Akademik Veri Yönetim Sistemi
FRACTALS, ss.1-12, 2025 (SCI-Expanded)
The study focuses on deriving optical soliton solutions for the Benney–Roskes (BR) and Zakharov–Rubenchik (ZR) system. To achieve this, complex wave transformations are applied to convert the system of partial differential equations (PDEs) into a more manageable form of ordinary differential equation (ODE). This transformation simplifies the analysis and facilitates the extraction of exact solutions. The new Kudryashov method (nKM) is employed to solve the resulting nonlinear ODE (NODE). This powerful analytical technique allows for the derivation of various types of soliton solutions, including bright solitons, kink solitons, and singular solitons. Each type of soliton represents different physical phenomena and wave behaviors, providing a comprehensive understanding of the system’s dynamics. The study includes the visualization of the obtained soliton solutions through graphical representations. These visualizations help in understanding the spatial and temporal evolution of the solitons and their interaction with the medium. Furthermore, the study analyzes how changes in the system’s parameters individually affect the shape, amplitude, and width of the solitons.
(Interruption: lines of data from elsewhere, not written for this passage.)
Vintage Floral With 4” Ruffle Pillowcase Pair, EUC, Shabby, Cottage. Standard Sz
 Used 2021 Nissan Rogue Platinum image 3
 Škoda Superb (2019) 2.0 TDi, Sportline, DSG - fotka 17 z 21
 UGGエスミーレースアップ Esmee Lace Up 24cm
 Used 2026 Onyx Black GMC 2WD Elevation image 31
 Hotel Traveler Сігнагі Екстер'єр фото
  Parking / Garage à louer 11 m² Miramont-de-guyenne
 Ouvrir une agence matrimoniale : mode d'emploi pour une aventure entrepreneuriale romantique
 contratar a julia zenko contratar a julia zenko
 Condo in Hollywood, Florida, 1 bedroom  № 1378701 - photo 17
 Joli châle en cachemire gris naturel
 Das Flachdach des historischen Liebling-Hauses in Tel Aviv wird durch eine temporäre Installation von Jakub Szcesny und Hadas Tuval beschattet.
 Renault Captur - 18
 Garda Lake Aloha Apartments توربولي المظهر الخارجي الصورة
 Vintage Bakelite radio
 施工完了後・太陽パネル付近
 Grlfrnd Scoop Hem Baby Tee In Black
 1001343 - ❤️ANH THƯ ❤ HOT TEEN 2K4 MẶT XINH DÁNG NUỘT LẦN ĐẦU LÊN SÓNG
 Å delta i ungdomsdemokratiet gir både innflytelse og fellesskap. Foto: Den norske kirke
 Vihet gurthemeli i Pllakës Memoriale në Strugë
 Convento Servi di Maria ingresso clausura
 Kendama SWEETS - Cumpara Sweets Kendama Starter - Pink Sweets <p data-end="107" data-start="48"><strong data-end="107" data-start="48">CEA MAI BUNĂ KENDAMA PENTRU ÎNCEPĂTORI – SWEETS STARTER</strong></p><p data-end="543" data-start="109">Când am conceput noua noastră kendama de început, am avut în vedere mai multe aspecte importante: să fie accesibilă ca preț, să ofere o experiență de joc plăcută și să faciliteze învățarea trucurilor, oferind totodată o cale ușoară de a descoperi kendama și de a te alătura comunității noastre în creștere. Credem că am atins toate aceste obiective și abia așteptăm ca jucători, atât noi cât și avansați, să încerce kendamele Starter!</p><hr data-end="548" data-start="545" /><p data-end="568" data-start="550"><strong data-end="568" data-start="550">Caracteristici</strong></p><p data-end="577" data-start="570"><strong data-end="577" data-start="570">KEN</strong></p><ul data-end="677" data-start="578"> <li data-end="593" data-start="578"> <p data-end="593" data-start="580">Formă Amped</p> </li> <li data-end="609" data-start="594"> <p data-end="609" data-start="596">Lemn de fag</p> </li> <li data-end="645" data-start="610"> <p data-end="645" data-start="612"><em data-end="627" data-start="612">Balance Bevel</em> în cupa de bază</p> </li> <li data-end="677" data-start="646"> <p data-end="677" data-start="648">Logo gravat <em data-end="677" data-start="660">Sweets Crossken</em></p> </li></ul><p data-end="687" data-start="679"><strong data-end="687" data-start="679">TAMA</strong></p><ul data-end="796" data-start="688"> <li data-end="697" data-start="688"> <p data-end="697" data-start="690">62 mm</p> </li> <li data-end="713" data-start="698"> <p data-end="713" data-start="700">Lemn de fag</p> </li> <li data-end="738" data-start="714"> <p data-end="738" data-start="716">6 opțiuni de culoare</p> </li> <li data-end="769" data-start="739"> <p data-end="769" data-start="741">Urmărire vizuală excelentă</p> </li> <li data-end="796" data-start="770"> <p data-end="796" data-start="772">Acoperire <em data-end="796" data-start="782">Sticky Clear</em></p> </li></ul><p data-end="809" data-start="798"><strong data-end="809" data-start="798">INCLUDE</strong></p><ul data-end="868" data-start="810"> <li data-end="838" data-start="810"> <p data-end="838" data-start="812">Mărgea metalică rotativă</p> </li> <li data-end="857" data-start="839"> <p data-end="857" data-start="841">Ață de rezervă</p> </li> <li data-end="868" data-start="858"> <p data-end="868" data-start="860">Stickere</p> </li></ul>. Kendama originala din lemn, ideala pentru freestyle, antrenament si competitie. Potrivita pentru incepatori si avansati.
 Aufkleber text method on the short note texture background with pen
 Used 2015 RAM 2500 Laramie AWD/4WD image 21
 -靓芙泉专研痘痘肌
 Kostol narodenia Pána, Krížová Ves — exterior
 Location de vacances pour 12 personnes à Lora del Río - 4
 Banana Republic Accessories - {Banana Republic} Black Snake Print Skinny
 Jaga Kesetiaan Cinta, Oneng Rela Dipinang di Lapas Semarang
This parametric analysis is crucial for predicting and controlling soliton behavior in practical applications. These are the main distinctive parts and novelties of this study. By deriving and analyzing soliton solutions, the study provides deeper insights into the nonlinear interactions within the BR and ZR system. Understanding these interactions is essential for applications in optical communications, where solitons can be used to transmit information over long distances without significant loss or distortion.